How many books have you written? Which is your favorite?

Radical Betrayal will be my third. I have also contributed chapters to three or four anthologies. This is the one I have the greatest expectations of will make a splash in the meaning of creating debate, but, of course, your first book – in my case a political history of Sweden – is special for any author, so that will probably forever be my favorite.

What is the key theme and/or message in the book?

That ideologues, including many modern US Presidents, have twisted the meaning of American Exceptionalism, turning it into a rhetorical tool for a federal nanny state and war-mongering

What do you hope your readers take away from this book?

That they grasp that the story about America they have been told by the US educational system, from preschools to universities, and the media is flawed, biased, and intellectually and ideologically corrupt.

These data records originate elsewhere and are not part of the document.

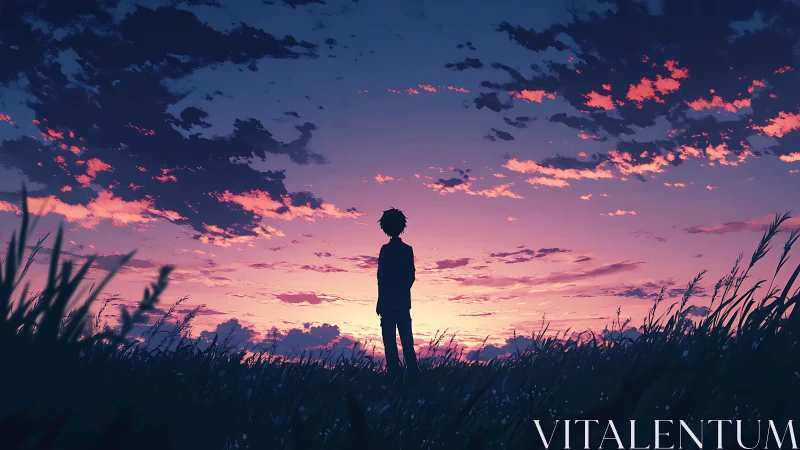 Silhouetted lone figure studies chromatic twilight sky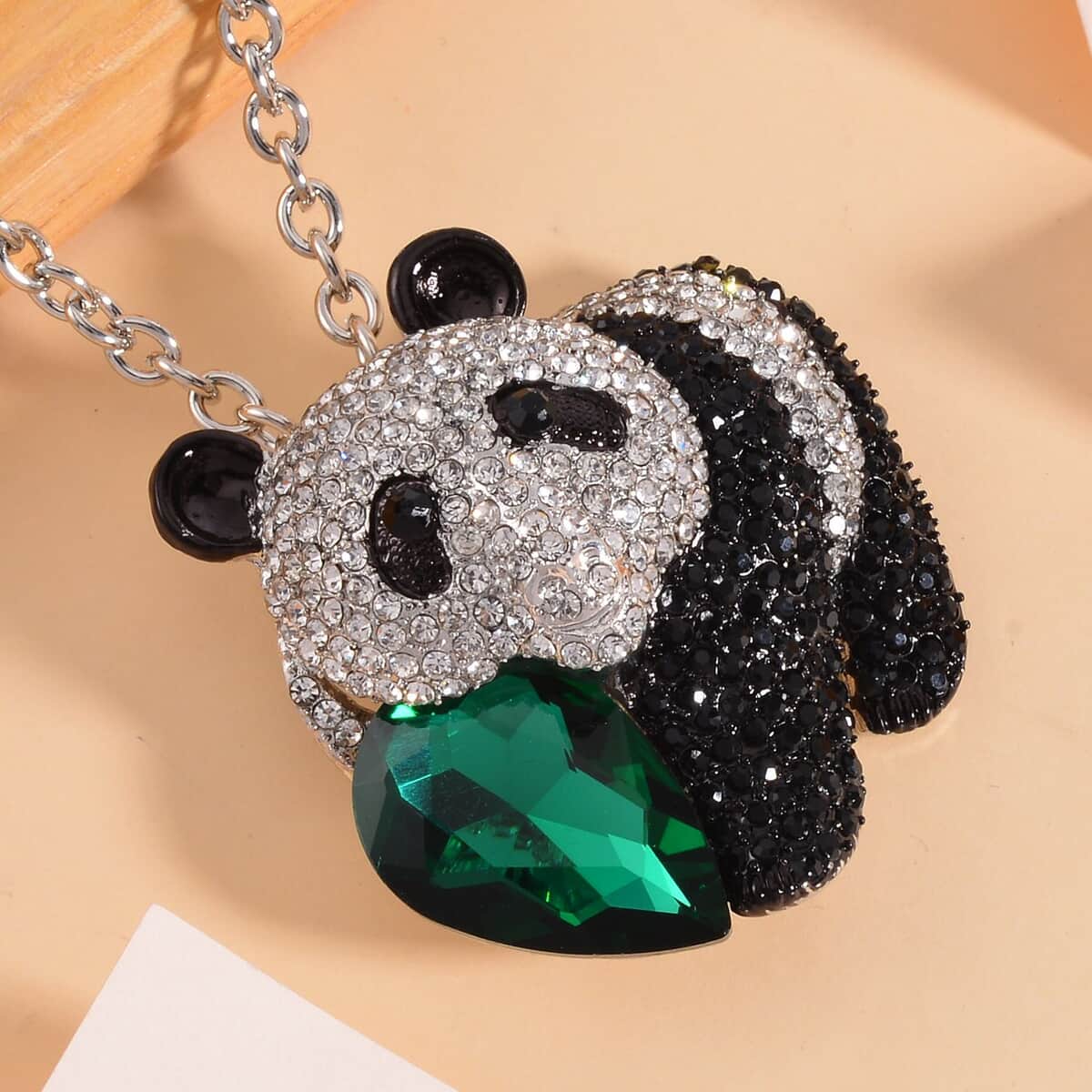 Green Glass, Black and White Austrian Crystal Panda Brooch Or Pendant with Necklace 24-26 Inches in Silvertone image number 1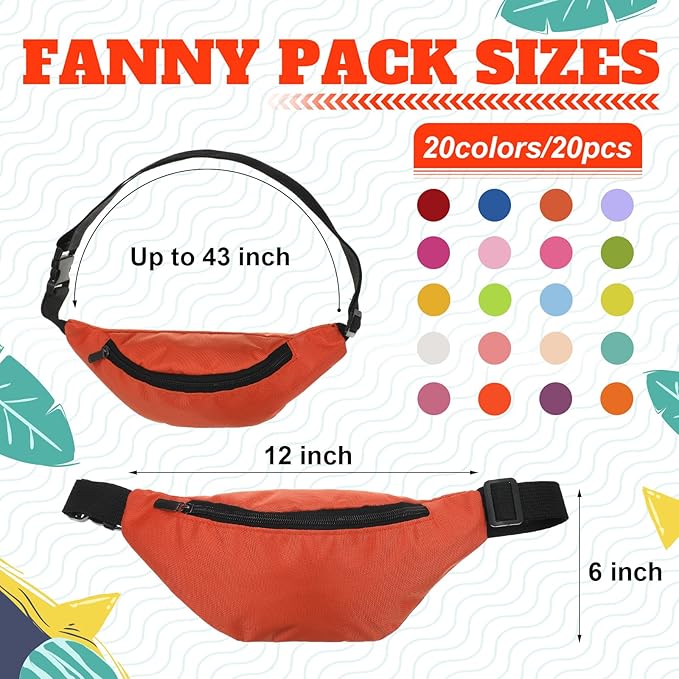 Saintrygo 20 Pcs Neon Fanny Pack Bulk, 90s 80s Fanny Pack Adjustable Waist Bags, Vintage Bag, Oxford Cloth for Workout Traveling Running Bachelor Party Favors Women Men (Bright Color)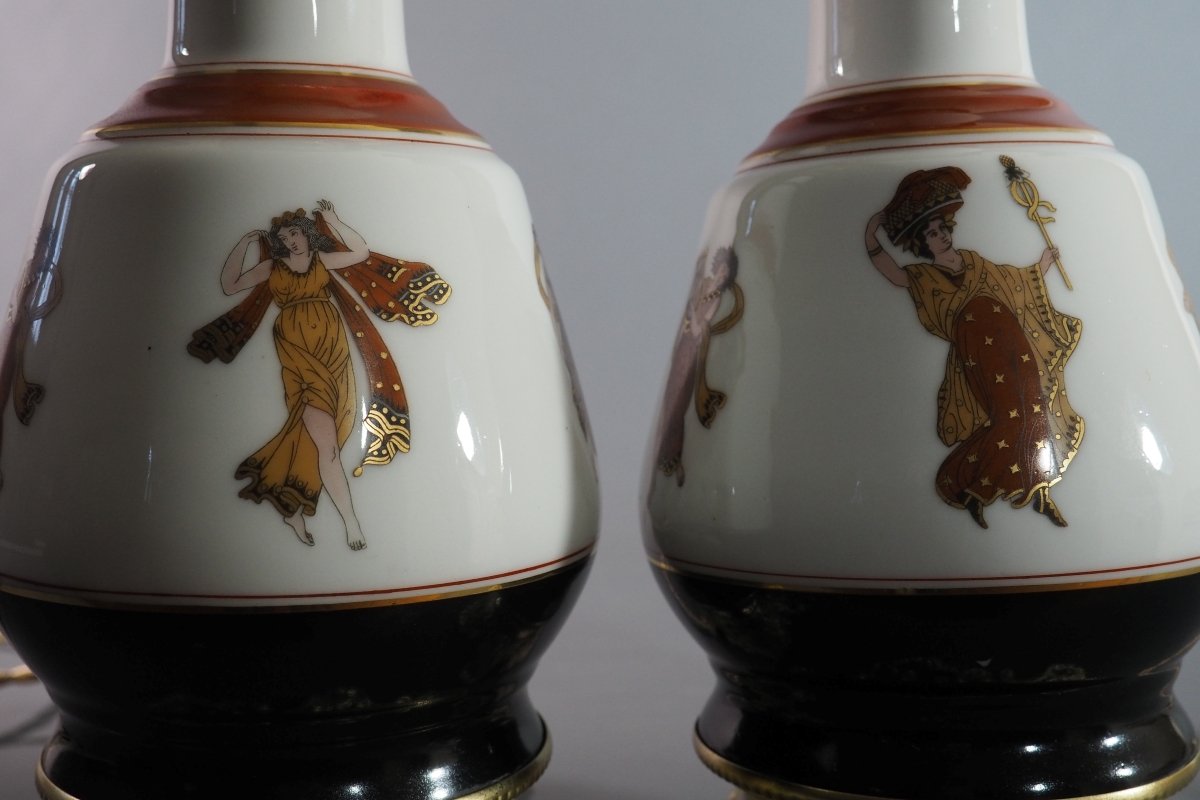Paire de lampes à huile à décor mythologique – France vers 1820–1850-photo-1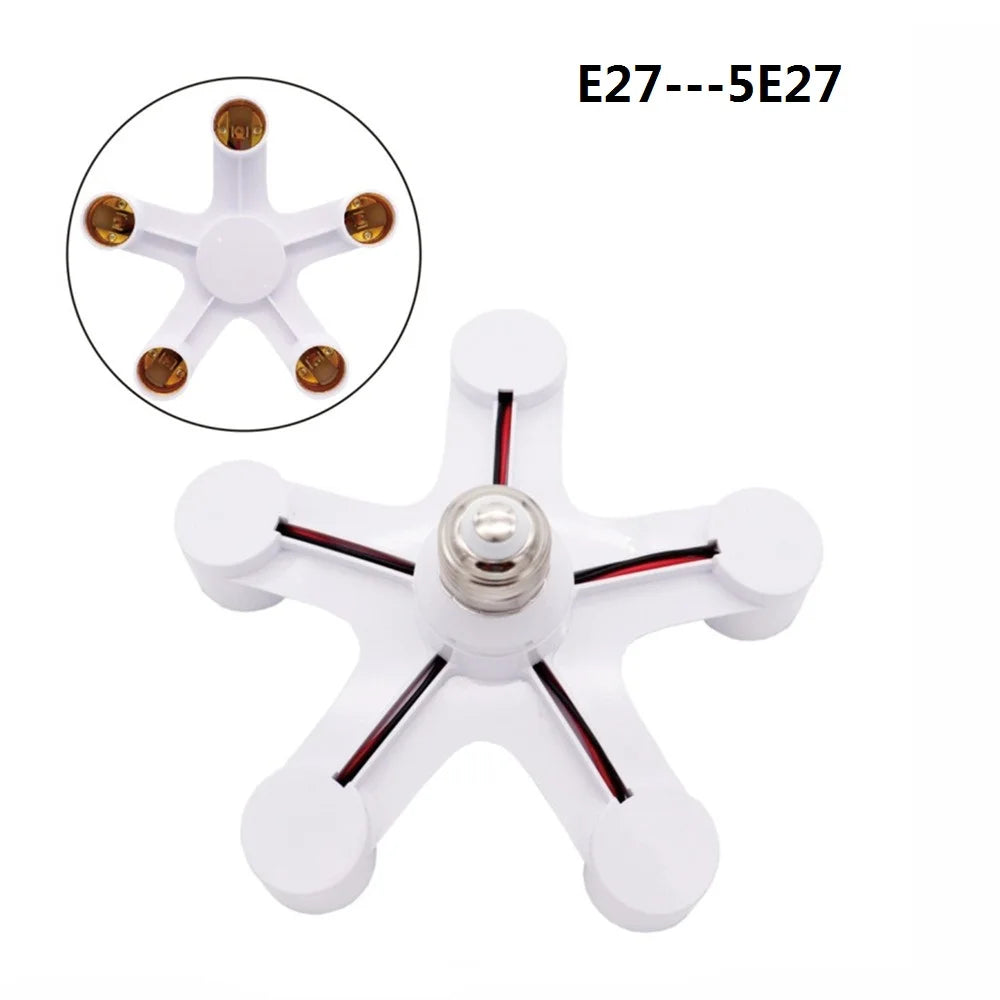 E27 to E27 Splitter Adapter Socket (3-in-1 / 4-in-1 / 5-in-1) - Multi-Bulb Base Lamp Holder Converter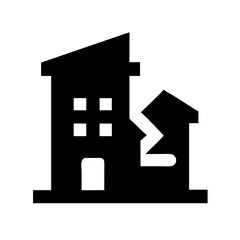 Icon of a damaged building to signify destruction or disrepair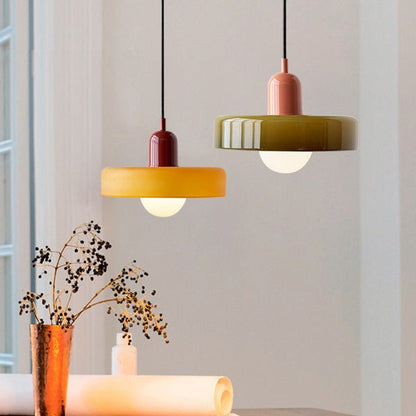 Vibrant Colored Glass Hang Ceiling Light Fixture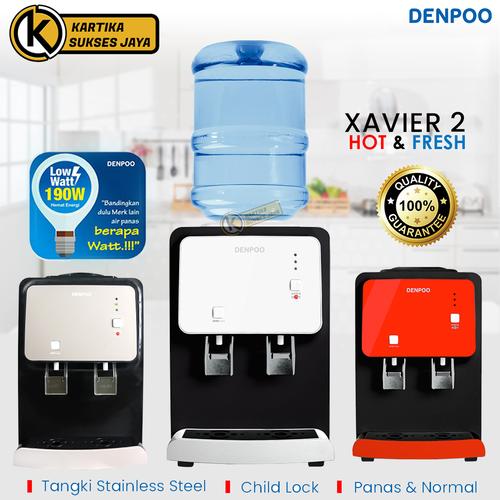 diskon denpoo top load water dispenser xavier 2 dispenser air minum galon bawah hot and cool panas dingin plastik es mini miyako murah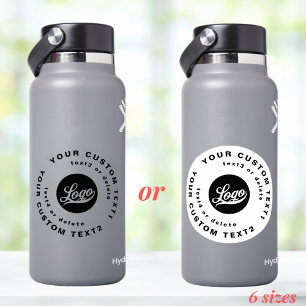 Logo & Text on Clear Vinyl Business Water Bottle S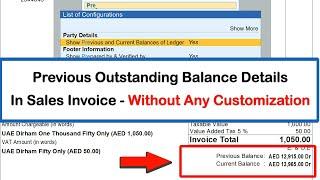 Previous Outstanding Balance Details In Sales Invoice - Without Any Customization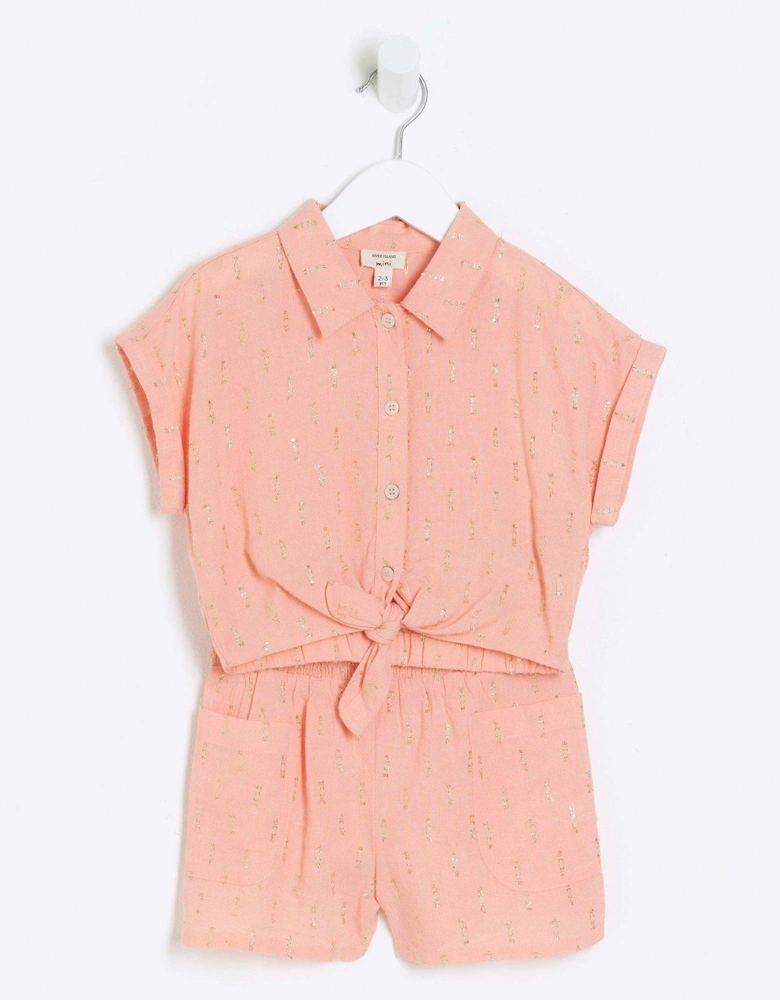 Mini Girls Glitter Shirt And Shorts Set - Orange
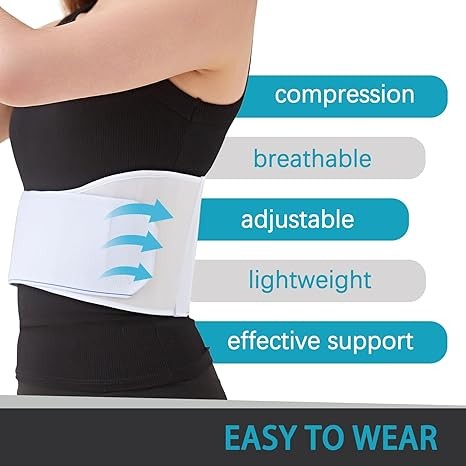 OrthoLife, Rib Chest Injury Abdominal Binder Belt Brace Broken Compression Wrap Brace Breast Belt Elastic Supports For Cracked Bruised, Intercostal Muscle Strain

What is the significance of the title?

Radical Betrayal infers that radicals on the left and the right have warped the meaning of American Exceptionalism so badly that it not only has led to the creation of a federal welfare state and wars but also no longer functions as a “glue” holding the US together. Today, due to liberal and neoconservative abuse of exceptionalist notions, America is on the verge of splinting into two, three, or more states.

How many plot ideas are just waiting to be written? Can you tell us about one?

I don’t come up with plots, I just write about real political and historical ones. But, if meaning themes for future books, I have dozens. At least. What I really want to start working on after Radical Betrayal is though a book on human nature’s impact upon historical, political developments. In my head, I call it Nature, Culture, and Politics, but I must to come up with something sexier if I get along publishing it.

What book is currently on your bedside table?

I have three. One on the 30-Year War, one on Medieval Europe, and one about Biblical archeology.

Who is the author you most admire in your genre?

When it comes to American History, David McCullough, no doubt. He was incredible. In other areas, I really enjoy reading Tom Holland, Thomas Sowell, Charles Murray, Steven Pinker… Every genre has its masters, so it’s practically impossible to choose just one!

What do you like to do when you are not writing?

Spend time with my wife. And when she’s occupied, bicycling downtown in our little Florida town and having a couple of beers with good friends.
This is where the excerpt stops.